Records contained in a dataset:
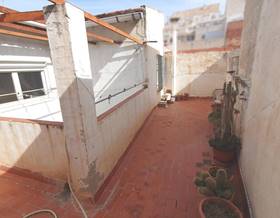 villas for sale in petrer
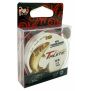 Fluorocarbone Pan Truite innovation - 25m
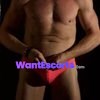 Finn Reid XL, male escort in Sydney NSW – photo 4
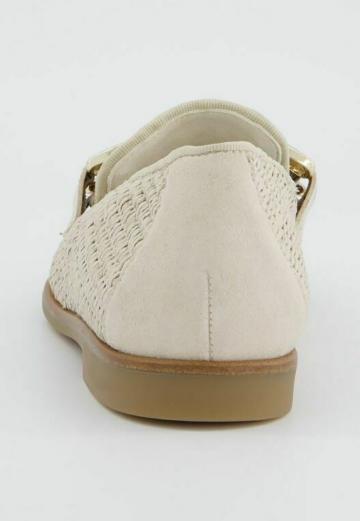 Полуботинки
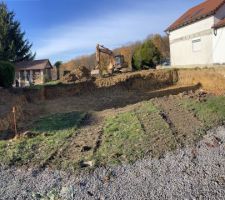 Le trou
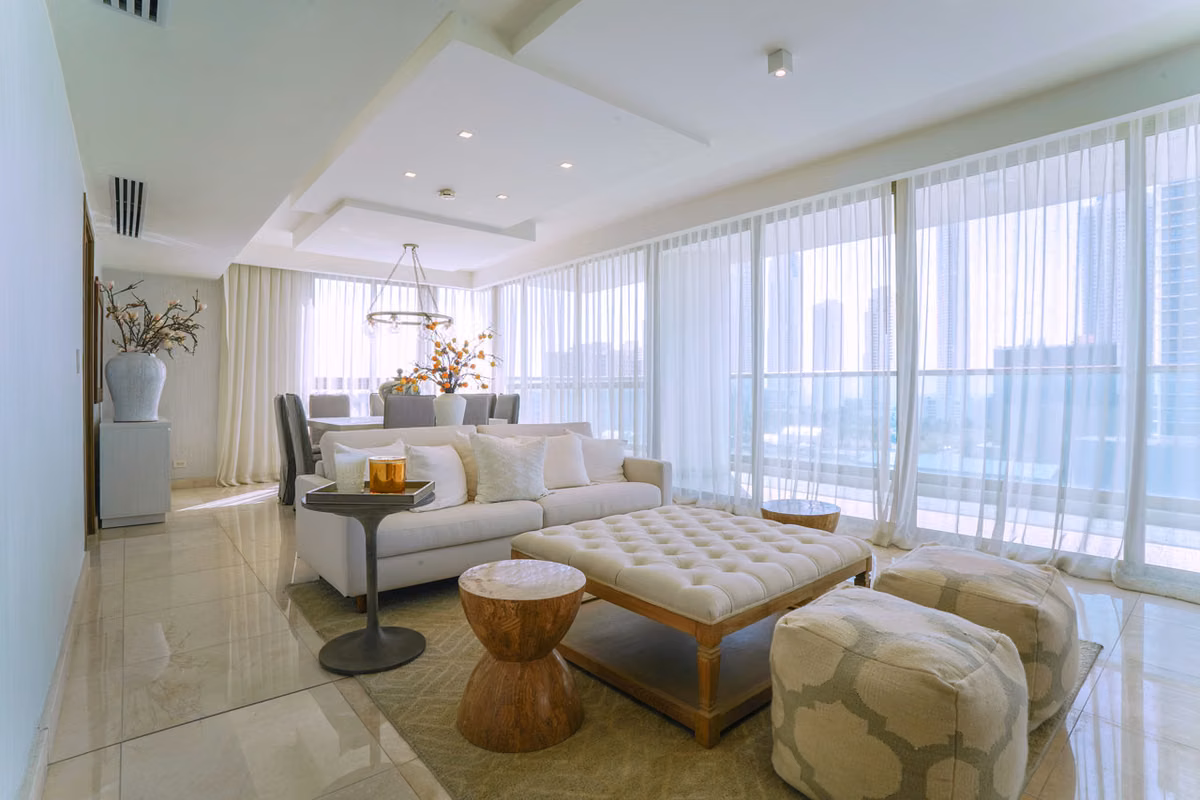 Se vende apartamento en Costa del Este, Park Lane - photo 1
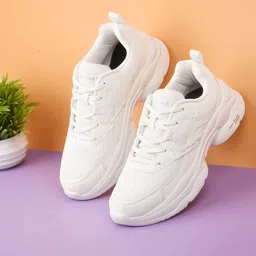 RAISE Sneakers For Women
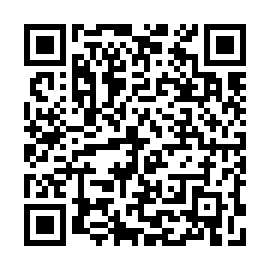 QR c037ac1
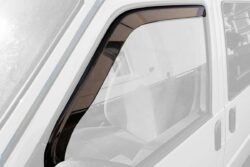 VW T4 Wind Deflectors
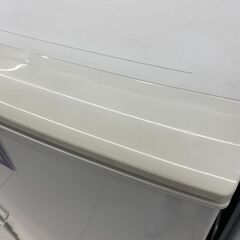 【トレファク イオンモール新瑞橋店】SHARPの2ドア冷蔵庫のご紹介です！の画像
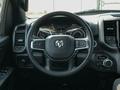 Dodge RAM 2025 года за 37 200 000 тг. в Алматы – фото 4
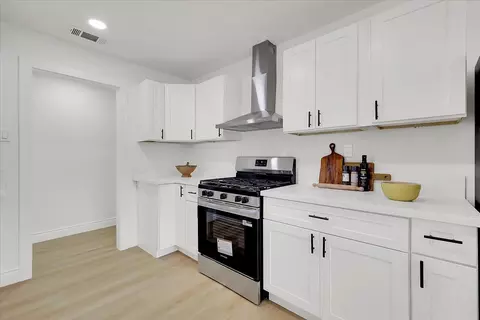 Kitchen - 8404 Miguel Way, Elverta, CA 95626 photo 3 of 5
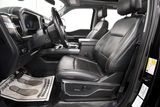 Used 2024 Ford F-250SD Truck
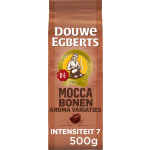 Douwe Egberts Aroma Mocca koffiebonen 2 kg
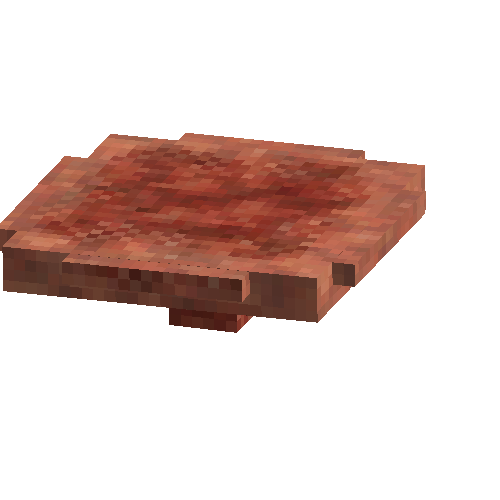 coral-shelf-short-red-1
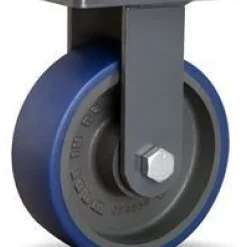 R-ES-83SPB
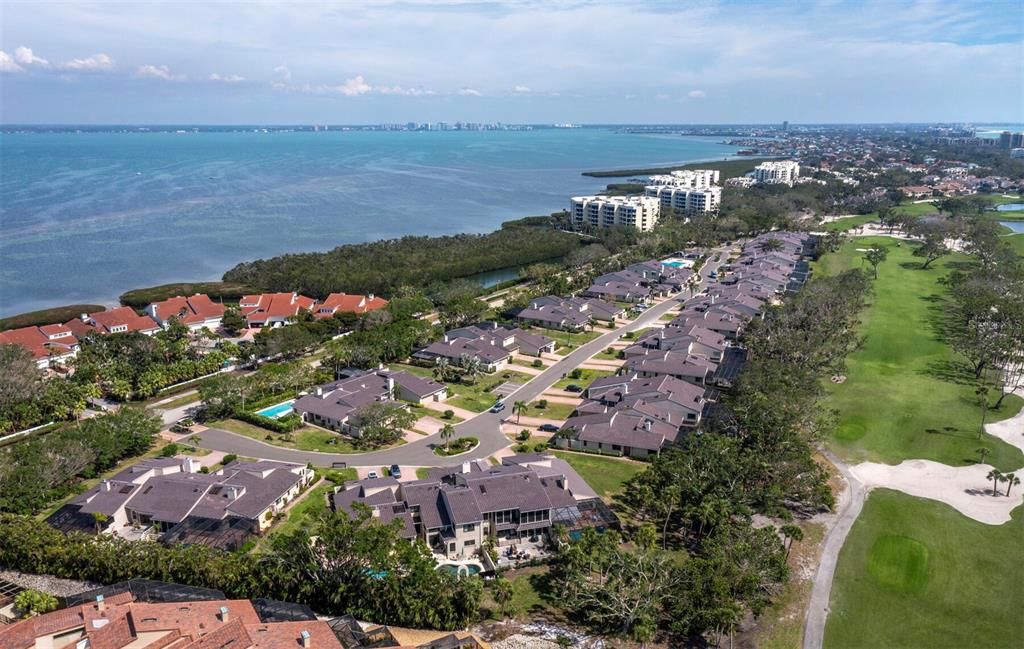 待售: $769,000 (3 贝兹, 2 浴室, 2000 平方英尺)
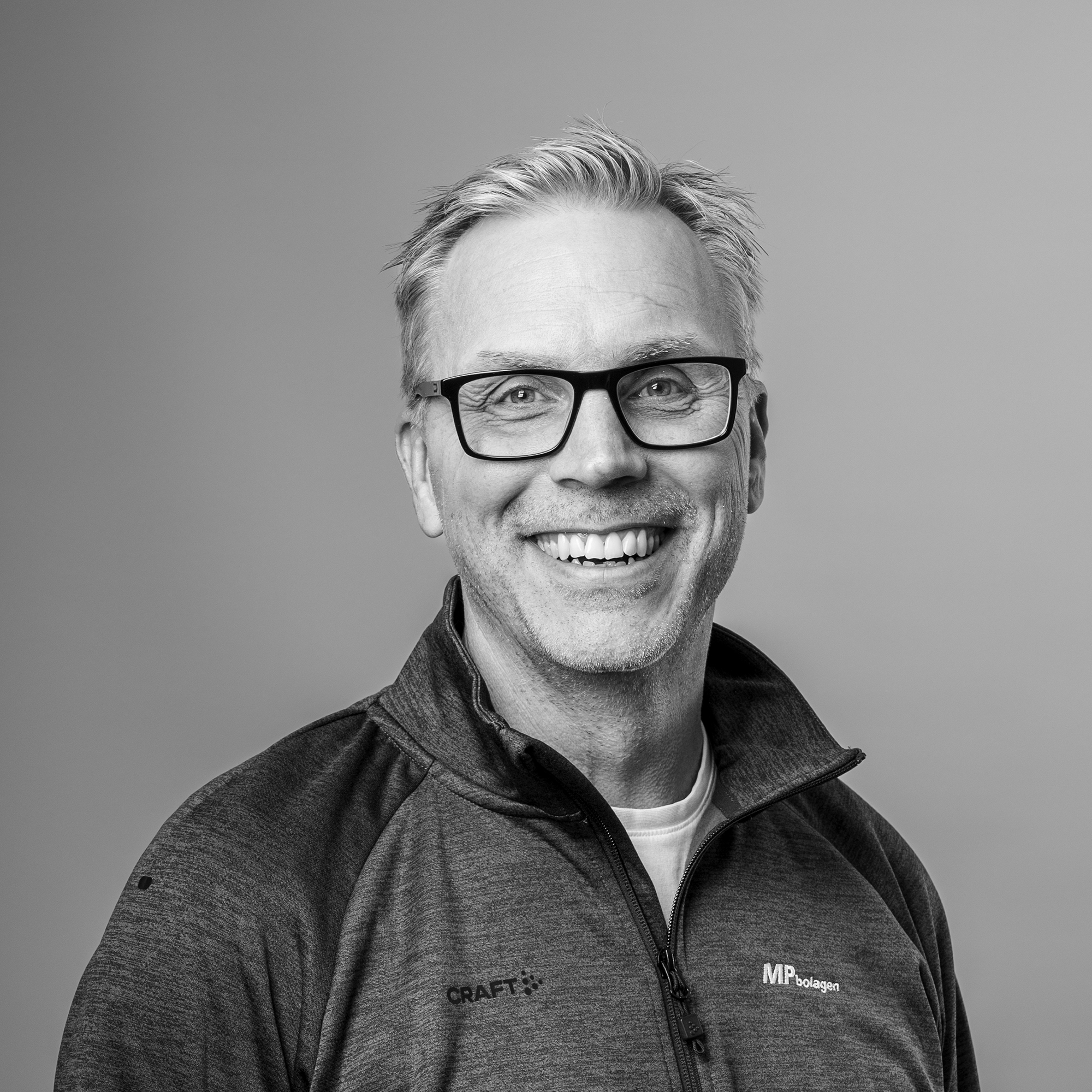 Magnus Sandberg 02.jpg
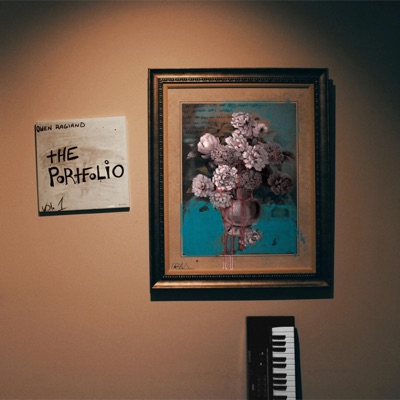 The Portfolio, Vol. 1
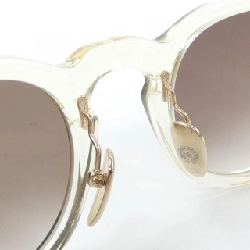 Kính mát CHROME HEARTS DINGALONGLINGLONG - Hàng hiệu Authentic 891829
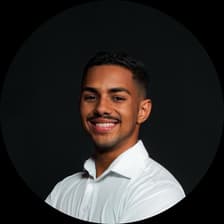Profile picture for Enzo Amorim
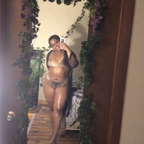 @youwannaslice leaks Onlyfans content for free 

 picture 1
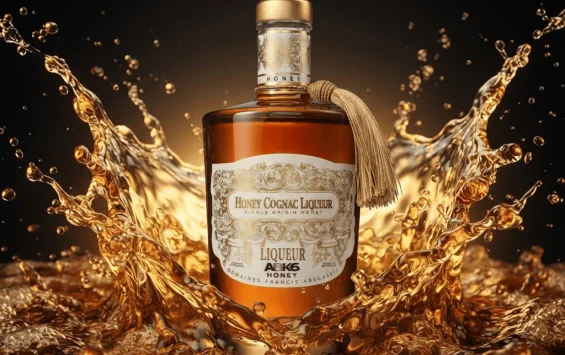 So kè Reviseur VSOP và XO: Chọn chai nào chiều vị giác?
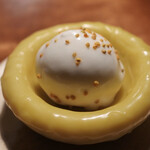 レストラン ナズ - 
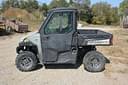 2016 Polaris Ranger XP Image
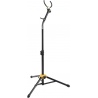HERCULES DS730B STATYW SAKSOFONOWY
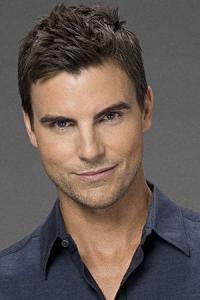 Photo de Colin Egglesfield : acteur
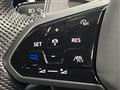 2022 Volkswagen Volkswagen Others
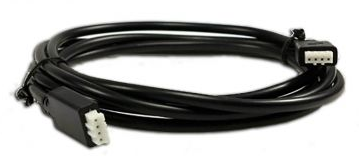 (Victron) CABLE CONNECTEUR, VE.Direct-VE.Direct, 0,9m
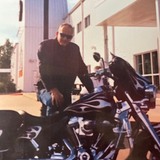 Davidcobb10I from Evansville | Man | 61 years old | Capricorn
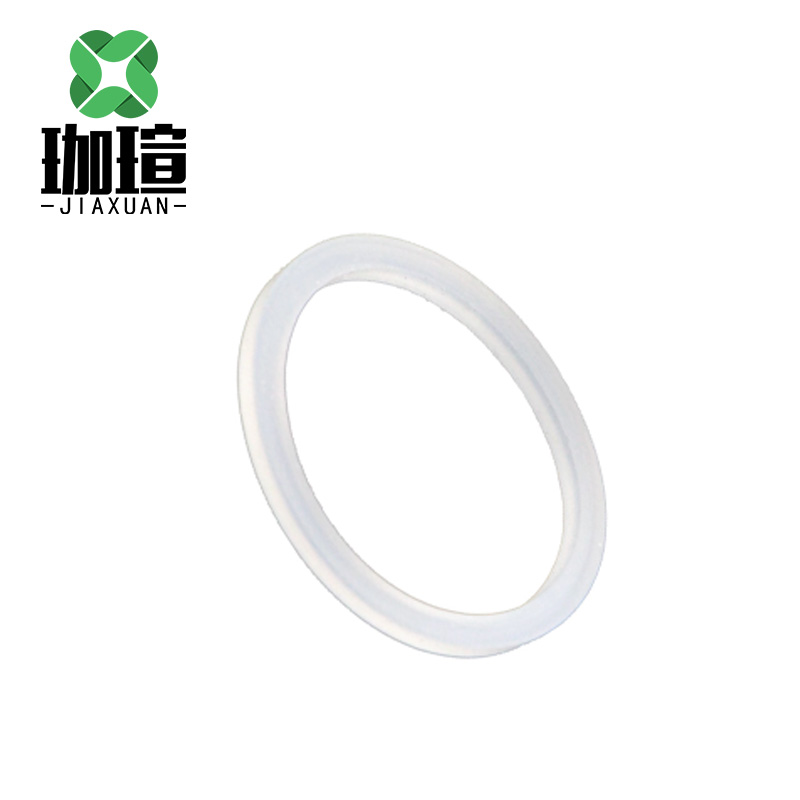 珈瑄 活接垫 个高清大图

▶ [WORK TASK]: Reproduce every line above word for word; no images.

▶ [TASK SOLUTION]:
 villas for sale in petrer
 Fluorocarbone Pan Truite innovation - 25m
 Finn Reid XL, male escort in Sydney NSW – photo 4
 Полуботинки
 Le trou
 Se vende apartamento en Costa del Este, Park Lane - photo 1
 RAISE Sneakers For Women
 QR c037ac1
 VW T4 Wind Deflectors
 【トレファク イオンモール新瑞橋店】SHARPの2ドア冷蔵庫のご紹介です！の画像
 Dodge RAM 2025 года за 37 200 000 тг. в Алматы – фото 4
 Kitchen - 8404 Miguel Way, Elverta, CA 95626 photo 3 of 5
 Used 2024 Ford F-250SD Truck
 Douwe Egberts Aroma Mocca koffiebonen 2 kg
 coral-shelf-short-red-1
 R-ES-83SPB
 待售: $769,000 (3 贝兹, 2 浴室, 2000 平方英尺)
 Magnus Sandberg 02.jpg
 The Portfolio, Vol. 1
 Kính mát CHROME HEARTS DINGALONGLINGLONG - Hàng hiệu Authentic 891829
Profile picture for Enzo Amorim
 @youwannaslice leaks Onlyfans content for free 

 picture 1
 So kè Reviseur VSOP và XO: Chọn chai nào chiều vị giác?
 レストラン ナズ - 
 2016 Polaris Ranger XP Image
HERCULES DS730B STATYW SAKSOFONOWY
 Photo de Colin Egglesfield : acteur
 2022 Volkswagen Volkswagen Others
 (Victron) CABLE CONNECTEUR, VE.Direct-VE.Direct, 0,9m
 Davidcobb10I from Evansville | Man | 61 years old | Capricorn
 珈瑄 活接垫 个高清大图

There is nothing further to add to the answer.